Di samping itu, Hendardi menilai apa yang dilakukan oleh Polri melalui Polda Metro Jaya adalah bagian dari pencegahan intoleransi yang tepat.

“Selama ini, seringkali dibiarkan hingga kelompok-kelompok tertentu mewujud menjadi tindakan radikalisme kekerasan dan terorisme. Pencegahan di hulu, yakni menangani intoleransi adalah salah satu cara menangani persoalan terorisme,” ujarnya.
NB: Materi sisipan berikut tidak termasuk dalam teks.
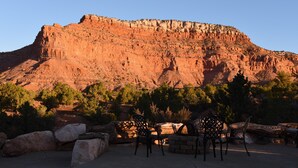 Eine Terrasse mit Sitzgelegenheiten und Blick auf eine rote Felsformation.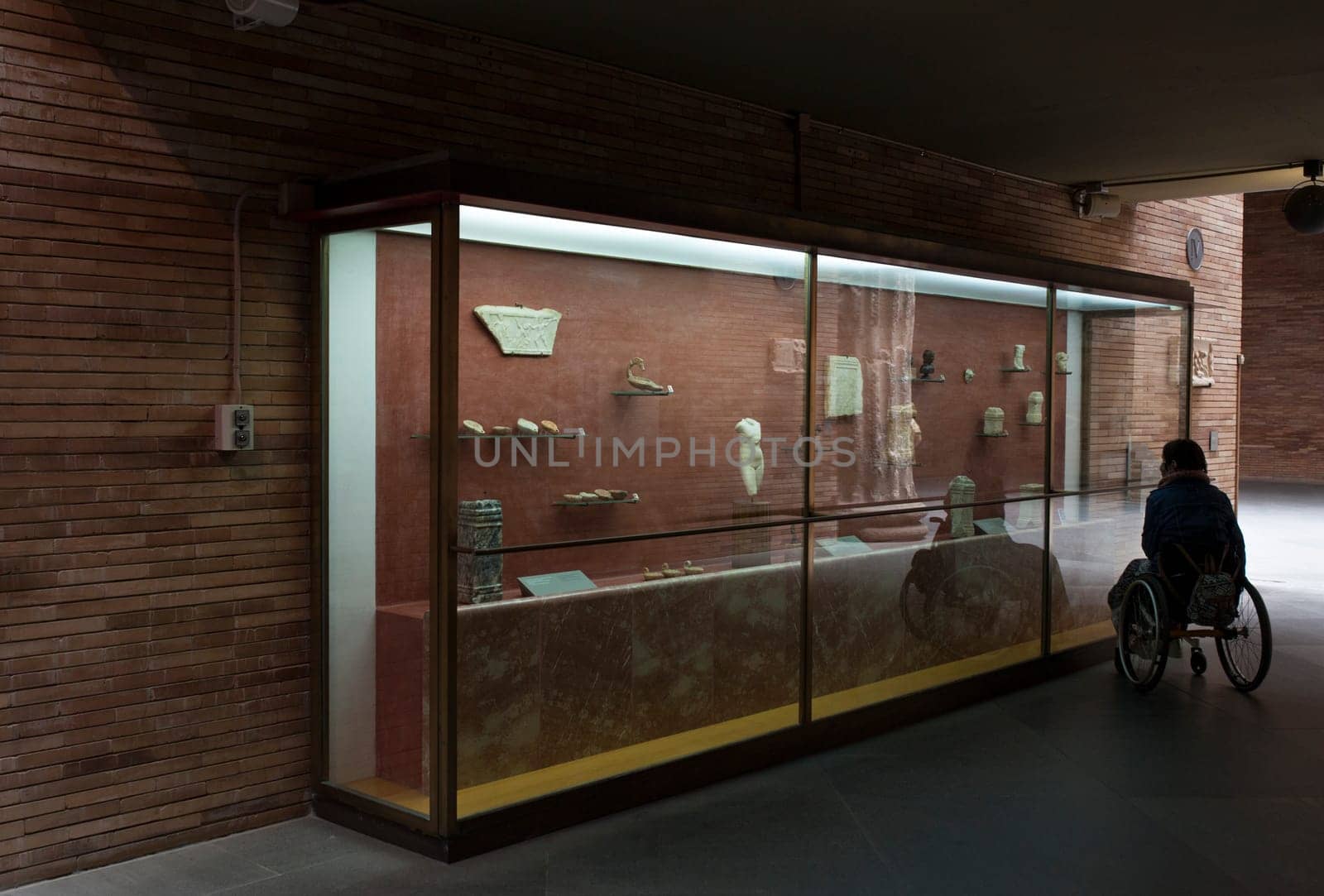 Merida, Spain - May 23th, 2021: Woman in a wheelchair iobserves glass cabinet at National Museum of Roman Art in Merida, Spain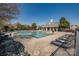 Inviting community swimming pool with ample lounge chairs and manicured surroundings at 10728 Bere Island Dr, Charlotte, NC 28278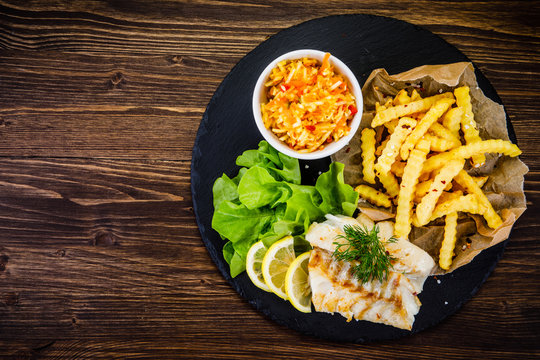 Fish dish - fried fish fillet with french fries and vegetables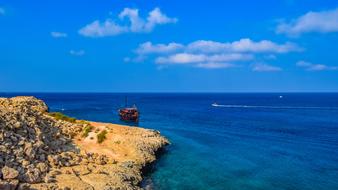 Colorful boat in the colorful and beautiful cape of Cavo Greko, Cyprus, with plants, under the blue sky with clouds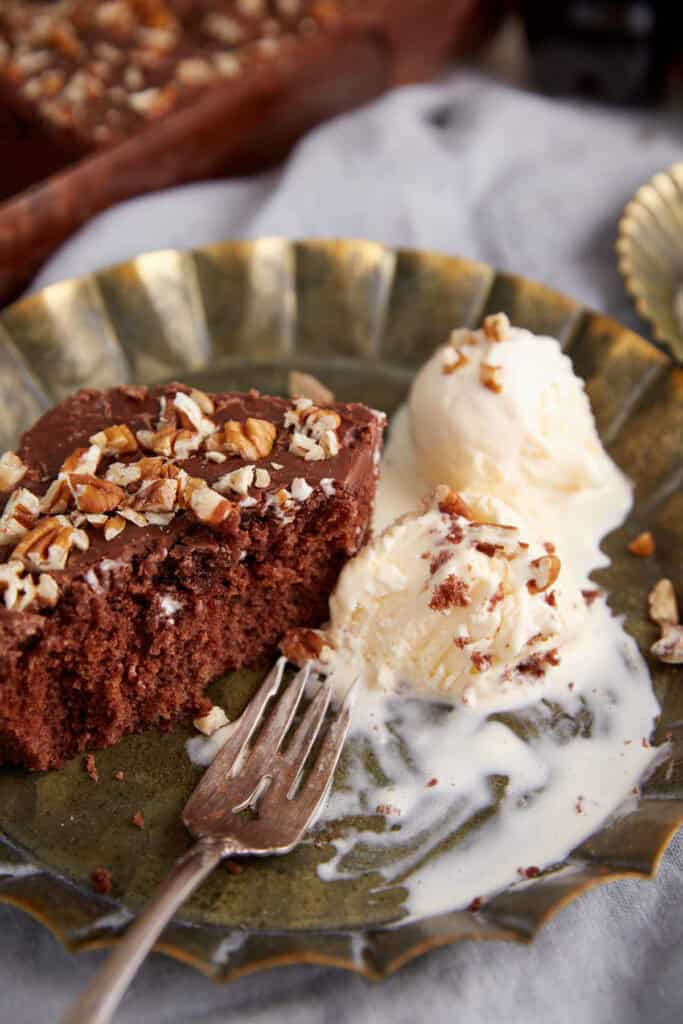 A piece of coca-coaklacake partially eaten next to ice cream.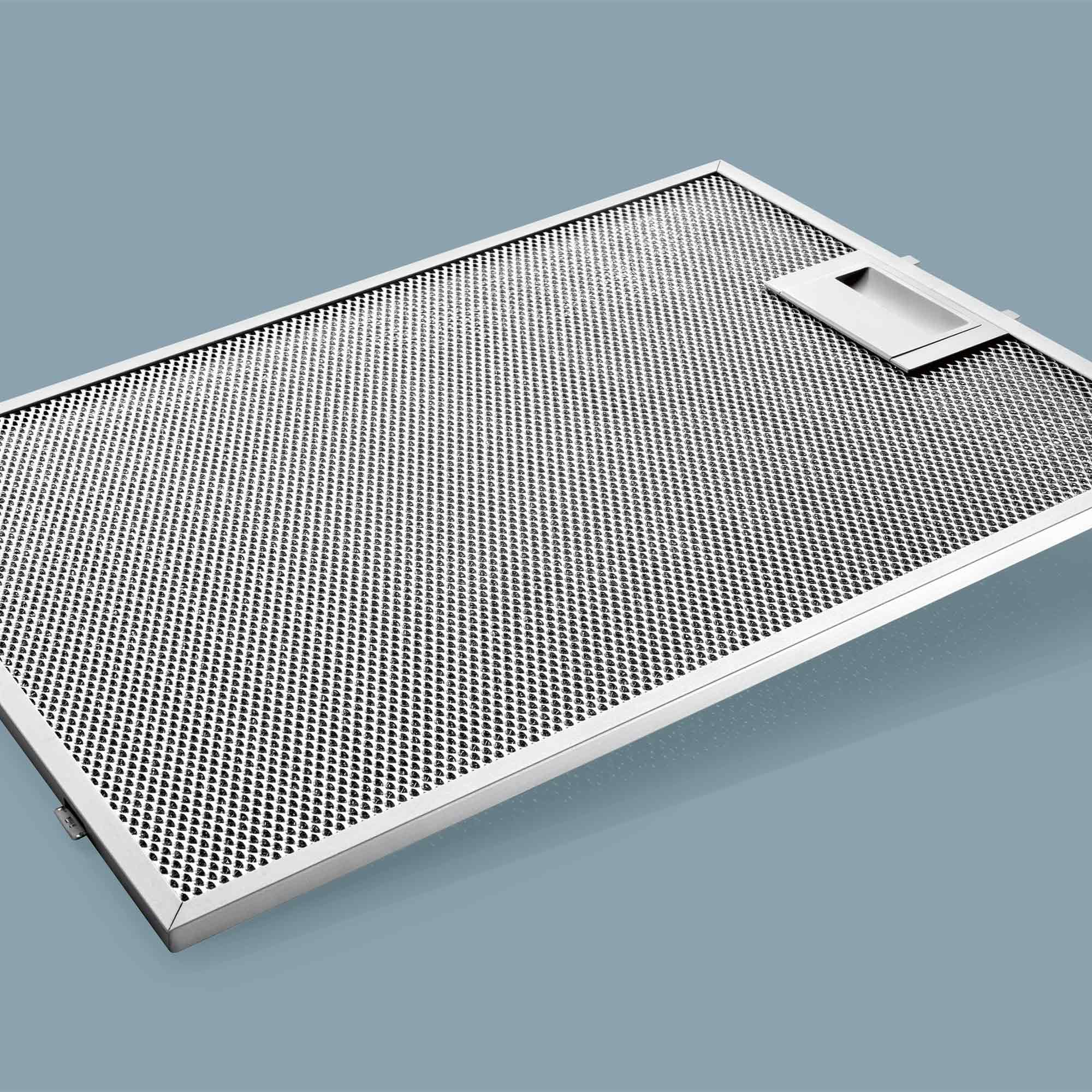 Metallfilter mit feinen Löchern und einem Griffbereich auf grauem Hintergrund.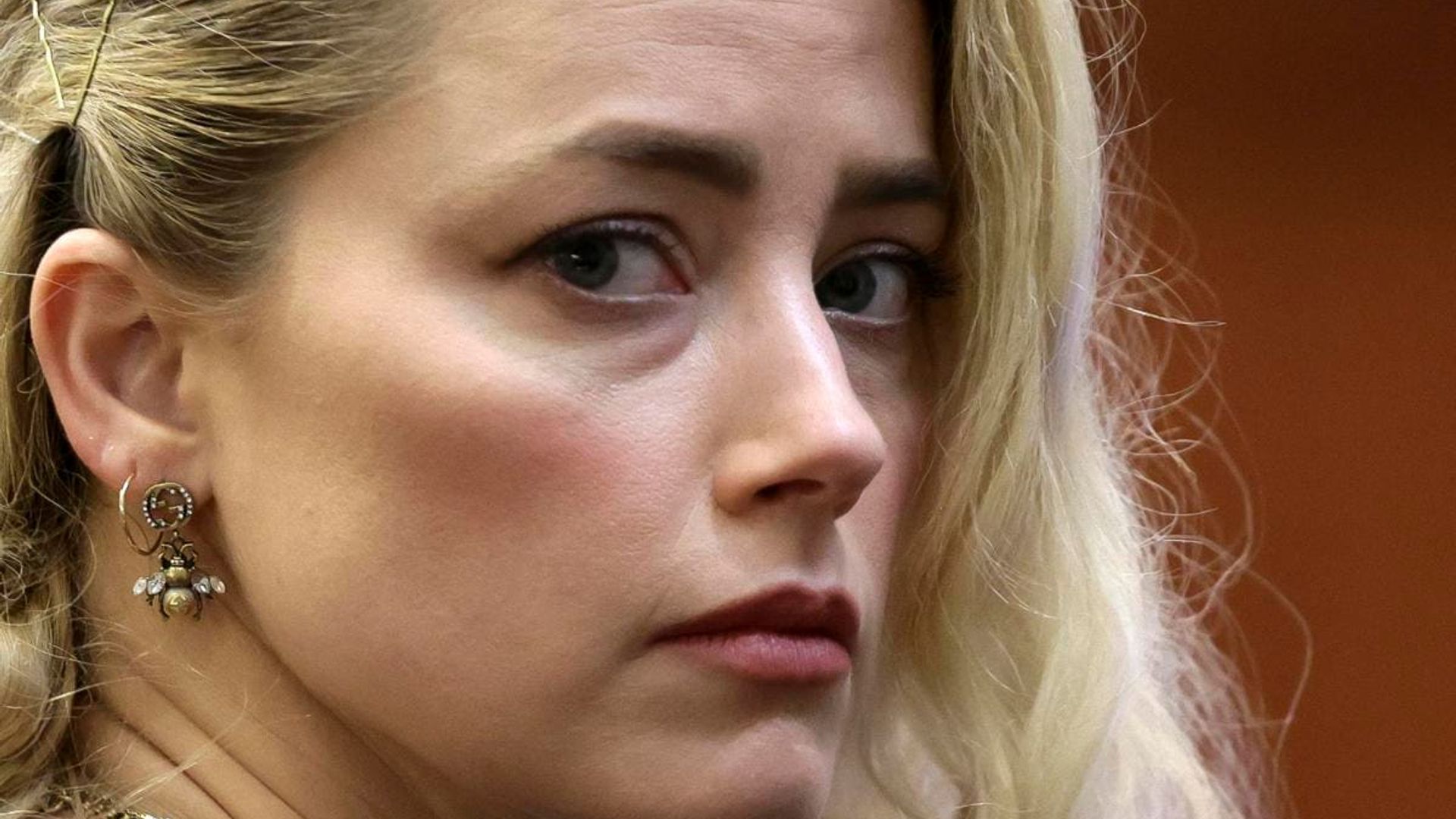 What would happen to Amber Heard if she fails to pay $10.35 million in damages to Johnny Depp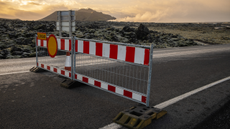 In the center of a road a red and white road blockage blocks the path to the Blue lagoon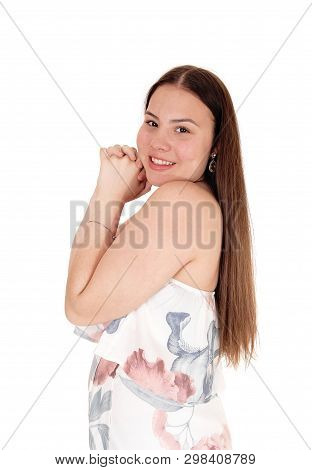 A Lovely Teenager Girl Standing In Profil Waist Up In A Pastel Sommer Dress
With Hands Folted On Her
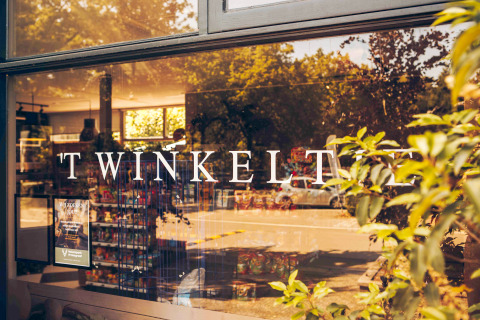 Entrée d’un hébergement glamping avec 'TWINKELT' sur la vitre et vue sur l’intérieur du magasin.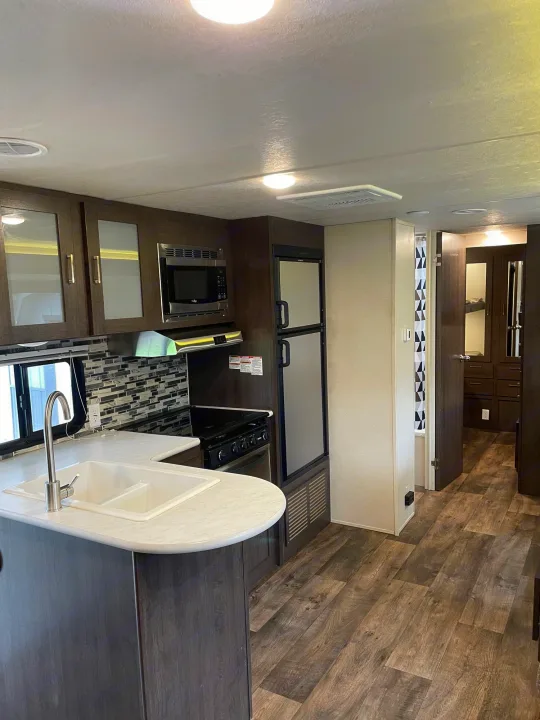 Inside this RV rental: a modern kitchen with dark cabinets, white counters, and wood-look floors. Ready for travel.. Forest River Wildwood X-Lite 2019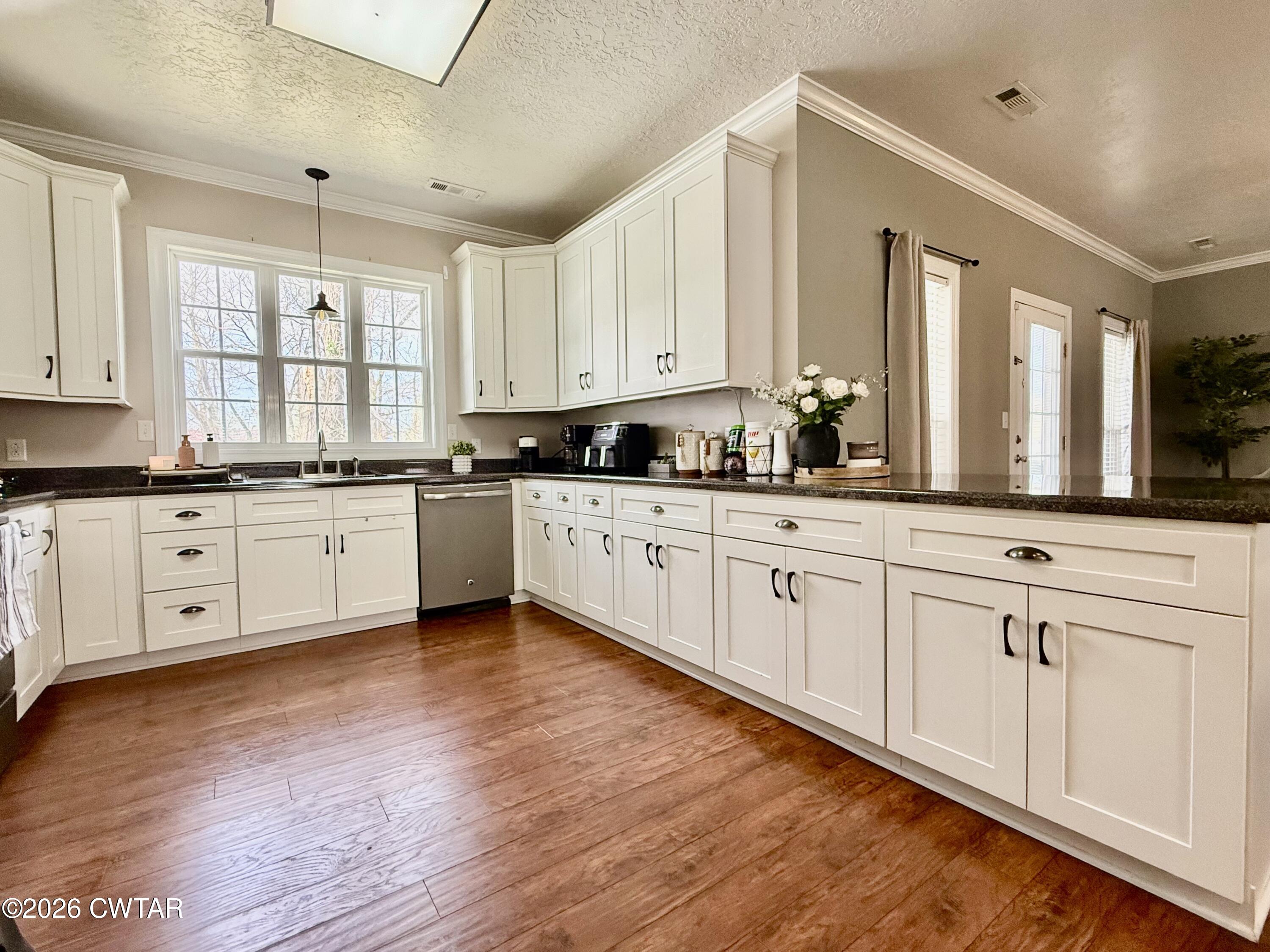 601 Locust Street Troy, TN 38260 - Photo 9 of 22 a large white kitchen with cabinets and wooden floor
“Meskipun demikian, penanganan non hukum, dalam arti pekerjaan pencegahan dengan berbagai pendekatan harus menjadi prioritas berbagai badan-badan negara dan juga aparat hukum. Pencegahan dan penanganan intoleransi harus diperkuat dan menjadi yang utama.”

Baca Juga: Polda Metro Ungkap Khilafatul Muslimin Punya 30 Sekolah untuk Sebarkan Ideologi Khilafah

Sebelumnya diberitakan, pimpinan tertinggi Khilafatul Muslimin, Abdul Qadir Hasan Baraja, telah ditetapkan sebagai tersangka. Dia ditangkap pada Selasa (7/6/2022) pagi.

Penangkapan ini terjadi setelah sejumlah anggota Khilafatul Muslimin melakukan konvoi di kawasan Cawang, Jakarta Timur, beberapa waktu lalu.

Video peristiwa tersebut sempat viral di media sosial. Dalam video itu, tampak para peserta konvoi terdiri dari orang dewasa hingga anak-anak yang mengenakan pakaian bernuansa warna hijau.

Beberapa di antaranya tampak mengibarkan bendera dan membawa poster bertuliskan "Sambut Kebangkitan Khilafah Islamiyyah."

Setelah dilakukan serangkaian penyelidikan, polisi menangkap lagi empat orang berinisial AA, IN, FA, dan SW, yang menjadi tokoh sentral dalam pergerakan Khilafatul Muslimin.

Baca Juga: Polda Jawa Tengah Tetapkan 6 Pimpinan Khilafatul Muslimin sebagai Tersangka

Saat ini, polisi telah menetapkan Abdul Qadir dan lima petinggi Khilafatul Muslimin lainnya sebagai tersangka terkait dugaan menganut, mengembangkan, serta menyebarkan ajaran atau paham yang bertentangan dengan Pancasila.

Mereka dipersangkakan dengan Pasal 59 ayat (4) dan Pasal 82 ayat (1) Undang-Undang Nomor 16 Tahun 2017 tentang Organisasi Kemasyarakatan.

Kemudian, Pasal 14 Ayat (1) dan (2), dan atau Pasal 15 Undang-Undang Nomor 1 Tahun 1946 tentang Peraturan Hukum Pidana dengan ancaman pidana penjara 5 tahun dan maksimal 20 tahun.